In the case of Stockyards National Bank v. Maples [127 Tex. 633, 95 S.W.2d 1304] it was held, under exception 4 of Article 1995, that a “plaintiff establishes his right to maintain venue where laid, by alleging a joint cause of action against the two defendants, or a cause of action against the resident defendant so intimately connected with the cause of action alleged against the nonresident defendant that the two may be joined under the rule intended to avoid a multiplicity of suits, and by the proof afforded by the petition that such is the nature of the suit, and by proving, by independent evidence, that the defendant alleged to reside in the county where the suit is pending in fact resides in such county and the further fact that plaintiff has a cause of action as alleged against the resident defendant.”

An action based upon implied warranty brought against a retailer would be so intimately connected with an action based upon implied warranty brought against a manufacturer or processor, that suit could be maintained against both the processor and retailer in the county where the retailer resided, provided, of course, the plaintiff had a cause of action against the retailer.

This brings us to a consideration of the controlling question in this case, herein-above set out.

In the case of Walker v. Great Atlantic and Pacific Tea Company, supra, it was held that a retailer was liable for the sale of unwholesome canned products upon the theory of breach of implied warranty. In that case the name of the processor was not disclosed by the label, which bore only the name of the retailer or distributor. In this case the retailer’s name did not appear upon the label, which read as follows: “Griggs Canning Company, Natalia, Texas. Pure Food Products. Natex Spinach. Grown and packed in the-Winter Garden District.”

The appellants present a persuasive argument that the difference between the labels involved in the A. & P. litigation and this case calls for a ruling that Ocon, the retailer here involved, cannot be held upon the theory of breach of implied warranty. However, as we understand the A. & P. decision, it was the intention of the Supreme Court to adopt the rule of liability recommended by Williston, which is that a retail “dealer is liable for selling such [defective] food even though in cans of reputable brand.” [131 Tex. 57, 112 S.W. 171.] That part of the text of Williston on Contracts quoted with approval in the opinion, to our minds, precludes the theory advanced by appellants. Judge Martin, in the A. & P. casej also quotes with approval part of the opinion of the Kansas City Court of Appeals in Degouveia v. H. D. Lee Mercantile Co., 231 Mo.App. 447, 100 S.W.2d 336, 339. Although it appeared in the Missouri case that the name of the manufacturer was not disclosed, the part of the opinion quoted with approval by our Supreme Court does not place the decision upon that basis, but rather upon the reasoning, that the retailer is more favorably situated to protect himself than is the purchaser, as “the retail dealer is in a better position to know and ascertain the reliability and responsibility of the manufacturer of the article, which he is handling, than the purchaser from him.”

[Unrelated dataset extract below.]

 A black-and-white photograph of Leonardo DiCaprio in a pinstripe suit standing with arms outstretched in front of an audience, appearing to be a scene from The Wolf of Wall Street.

We, therefore, conclude that under the holding of the A. & P. case, appellee “has a cause of action” against Ocon, a resident of Bexar County, for breach of implied. warranty, although the labels on *203the canned goods involved plainly' showed the name of the manufacturer.

The judgment of the trial court is therefore affirmed.






Rehearing

On Motion for Rehearing.

Pending action upon appellants’ motion for rehearing, we certified the controlling question in this case to the Supreme Court. The answer of the Supreme Court has now been received by us, and, in conformity therewith, appellants’ motion for rehearing is overruled. See Griggs Canning Company v. Josey, Tex.Sup., 164 S.W.2d 835.